From the entries below, reproduce exactly the line containing "Ciemnozielona Kurtka Pikowana", the line containing "80pcs 5ml Eye", and every line in between, with nothing added.

Data items
==*==

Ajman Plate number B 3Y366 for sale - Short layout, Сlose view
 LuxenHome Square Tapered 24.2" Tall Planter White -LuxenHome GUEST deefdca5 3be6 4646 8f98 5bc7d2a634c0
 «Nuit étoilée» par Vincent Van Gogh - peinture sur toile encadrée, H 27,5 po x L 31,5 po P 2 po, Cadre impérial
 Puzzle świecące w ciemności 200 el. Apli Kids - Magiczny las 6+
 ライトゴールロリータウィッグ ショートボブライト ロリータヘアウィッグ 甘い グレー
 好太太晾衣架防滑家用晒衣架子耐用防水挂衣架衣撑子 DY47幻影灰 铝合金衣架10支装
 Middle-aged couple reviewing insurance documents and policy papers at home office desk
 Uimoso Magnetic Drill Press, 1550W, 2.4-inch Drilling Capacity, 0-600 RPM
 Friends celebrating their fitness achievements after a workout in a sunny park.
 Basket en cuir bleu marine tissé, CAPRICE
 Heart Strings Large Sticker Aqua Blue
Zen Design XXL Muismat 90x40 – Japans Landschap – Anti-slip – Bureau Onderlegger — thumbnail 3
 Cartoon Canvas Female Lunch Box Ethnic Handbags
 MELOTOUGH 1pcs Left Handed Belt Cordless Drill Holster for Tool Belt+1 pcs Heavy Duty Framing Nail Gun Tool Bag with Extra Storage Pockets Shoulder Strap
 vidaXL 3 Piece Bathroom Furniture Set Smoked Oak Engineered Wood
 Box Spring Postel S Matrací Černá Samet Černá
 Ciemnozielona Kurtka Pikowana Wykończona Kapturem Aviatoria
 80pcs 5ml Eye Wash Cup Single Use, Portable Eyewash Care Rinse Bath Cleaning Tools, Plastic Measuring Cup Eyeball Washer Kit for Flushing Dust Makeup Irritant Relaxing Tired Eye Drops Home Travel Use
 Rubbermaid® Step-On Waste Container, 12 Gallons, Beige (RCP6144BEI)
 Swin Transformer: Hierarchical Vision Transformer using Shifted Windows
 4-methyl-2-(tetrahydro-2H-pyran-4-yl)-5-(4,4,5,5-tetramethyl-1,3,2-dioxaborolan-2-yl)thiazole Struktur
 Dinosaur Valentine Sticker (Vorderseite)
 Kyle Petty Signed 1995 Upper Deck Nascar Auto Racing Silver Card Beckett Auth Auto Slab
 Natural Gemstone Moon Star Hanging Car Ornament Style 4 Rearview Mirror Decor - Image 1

==*==

Exercise output:
 Ciemnozielona Kurtka Pikowana Wykończona Kapturem Aviatoria
 80pcs 5ml Eye Wash Cup Single Use, Portable Eyewash Care Rinse Bath Cleaning Tools, Plastic Measuring Cup Eyeball Washer Kit for Flushing Dust Makeup Irritant Relaxing Tired Eye Drops Home Travel Use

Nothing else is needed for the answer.